* **Stored dataset items**
-------------------------

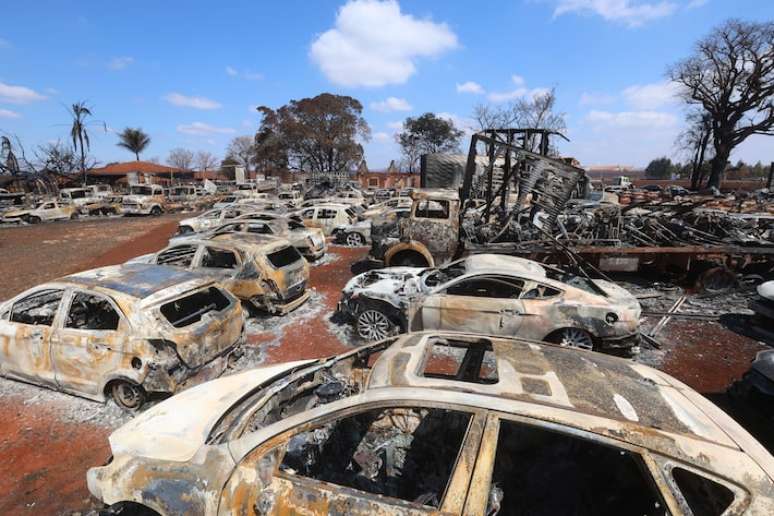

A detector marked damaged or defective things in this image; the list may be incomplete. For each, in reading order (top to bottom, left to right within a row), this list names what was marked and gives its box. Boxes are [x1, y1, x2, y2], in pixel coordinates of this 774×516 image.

burnt car interior [9, 288, 63, 324]
burnt car interior [66, 290, 120, 330]
burned car [0, 264, 244, 410]
burned sedan [0, 264, 244, 410]
burned hatchback [0, 264, 246, 410]
burned pickup truck [0, 264, 246, 410]
rusted car roof [64, 264, 211, 300]
burnt car interior [159, 286, 229, 326]
burned car [135, 235, 310, 314]
burned sedan [135, 235, 310, 314]
charred car wheel [360, 308, 400, 340]
burnt car hood [344, 268, 428, 300]
burned truck cab [370, 190, 460, 270]
burned car [340, 253, 644, 352]
burned sedan [340, 254, 644, 354]
burned pickup truck [340, 254, 644, 354]
charred car wheel [552, 328, 596, 352]
charred car wheel [110, 380, 147, 410]
burnt car hood [109, 358, 316, 464]
burnt car interior [278, 408, 470, 508]
burned sedan [88, 332, 774, 512]
burned car [88, 332, 774, 512]
rusted car roof [370, 334, 740, 448]
burnt car interior [492, 420, 668, 516]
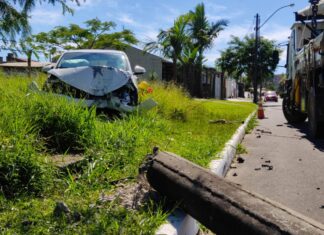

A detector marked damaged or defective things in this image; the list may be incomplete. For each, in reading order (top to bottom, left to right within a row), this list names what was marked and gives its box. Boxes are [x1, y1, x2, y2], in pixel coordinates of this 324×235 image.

crashed car front end [43, 50, 143, 113]
white damaged car [42, 49, 153, 113]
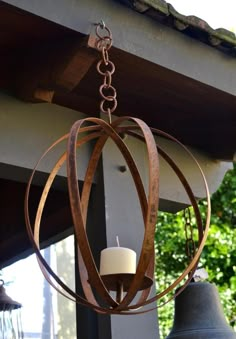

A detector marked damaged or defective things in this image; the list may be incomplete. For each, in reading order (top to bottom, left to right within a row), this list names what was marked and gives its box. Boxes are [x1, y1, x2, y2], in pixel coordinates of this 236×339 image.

rusty metal orb [24, 117, 211, 316]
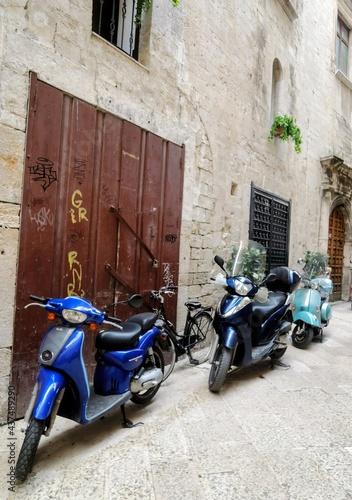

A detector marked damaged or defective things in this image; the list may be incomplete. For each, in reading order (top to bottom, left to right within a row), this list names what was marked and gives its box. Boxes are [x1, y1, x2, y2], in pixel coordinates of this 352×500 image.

rusty metal door [12, 73, 186, 418]
rusty metal door [328, 206, 344, 300]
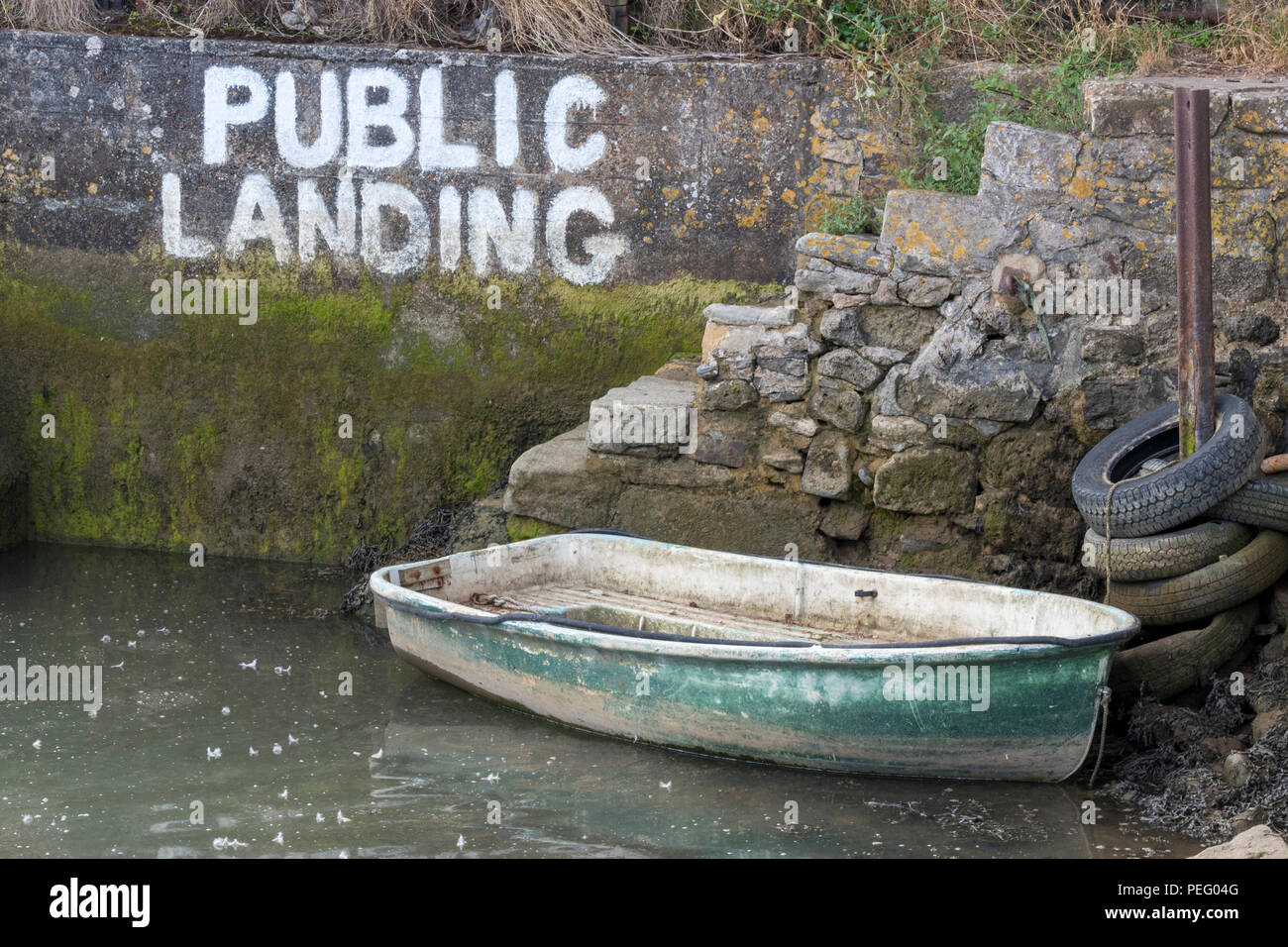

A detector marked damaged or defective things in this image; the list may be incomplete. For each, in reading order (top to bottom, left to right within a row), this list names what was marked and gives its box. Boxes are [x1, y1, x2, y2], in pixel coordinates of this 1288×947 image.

rusty metal pole [1174, 86, 1211, 459]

-------------------------

* **Problem to solve**
Only one span is to be repeated: the line with "this 1288×947 image." through the final line of the entries above, word for word.

* **Result**
A detector marked damaged or defective things in this image; the list may be incomplete. For each, in reading order (top to bottom, left to right within a row), this list names what was marked and gives its box. Boxes are [x1, y1, x2, y2], in pixel coordinates of this 1288×947 image.

rusty metal pole [1174, 86, 1211, 459]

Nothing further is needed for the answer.